Amaranth Based Bhajia
Amaranth Based Cakes
Red Amaranth Plant


Amaranth Based Bread


Problem Statement

Amaranth grain is a nutrient dense cereal that also has nutraceutical properties. Amaranth grains are rich in proteins (with the much needed amino acids lysine, methionine, and cycteine), Vitamines and minerals especially calcium, iron, magnesium, and folate. It is also a good source of potassium, phosphorus, and vitamins A, C, and E.  Some of the health benefits associated with consumption of amaranth grain products including improving weight gain among individuals formerly wasted by HIV/AIDS, improved appetite, improved blood lipid profile, and general improvement in health among individuals with cardiovascular diseases as amaranth grains are a cholesterol-lowering food, with both tocotrienols and phytosterols, two natural compounds known to help the body eliminate bad cholesterol. These health boosting properties are mostly attributed to the high nutrient content and health boosting compounds such as squalene and tocotrienols.   With this, amaranth can reduce or combat common diseases such as diabetes, hypertension, liver disease, hemorrhage, TB, HIV/AIDS, wound healing, kwashiorkor, marasmus, skin disease among others. Amaranth seeds and biomass are rich in soluble and insoluble diet fibers important in prevention of coronary heart diseases of the colon. The compounds in amaranth can enhance human growth and development, improve general health, and strengthen immune responses to combat diseases. In situations where dietary choices are limited or when immune systems are compromised, amaranth consumption may make the difference between normal health and life-threatening diseases. Also, amaranth grain is free of gluten, which is important for people with gluten allergies.

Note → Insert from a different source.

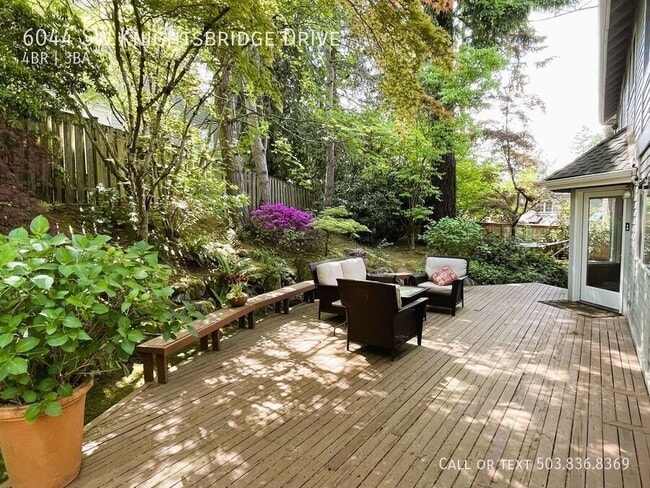 Building Photo - 6044 SW Knightsbridge Dr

Despite its health boosting attributes, amaranth grain flour is grainer and has a peculiar strong aroma which makes it less desirable in most food production lines.  Under this project, efforts were concentrated on creating flour blends that would mask these undesirable attributes in order to develop nutrient-dense functional products with acceptable organoleptic properties.   Composite flours were generated from mixing amaranth flour with commonly used flours such as wheat, millet, and cassava.   This project was designed to enhance production of flours and products from amaranth grain in order to improve utilization of amaranth grain in Uganda.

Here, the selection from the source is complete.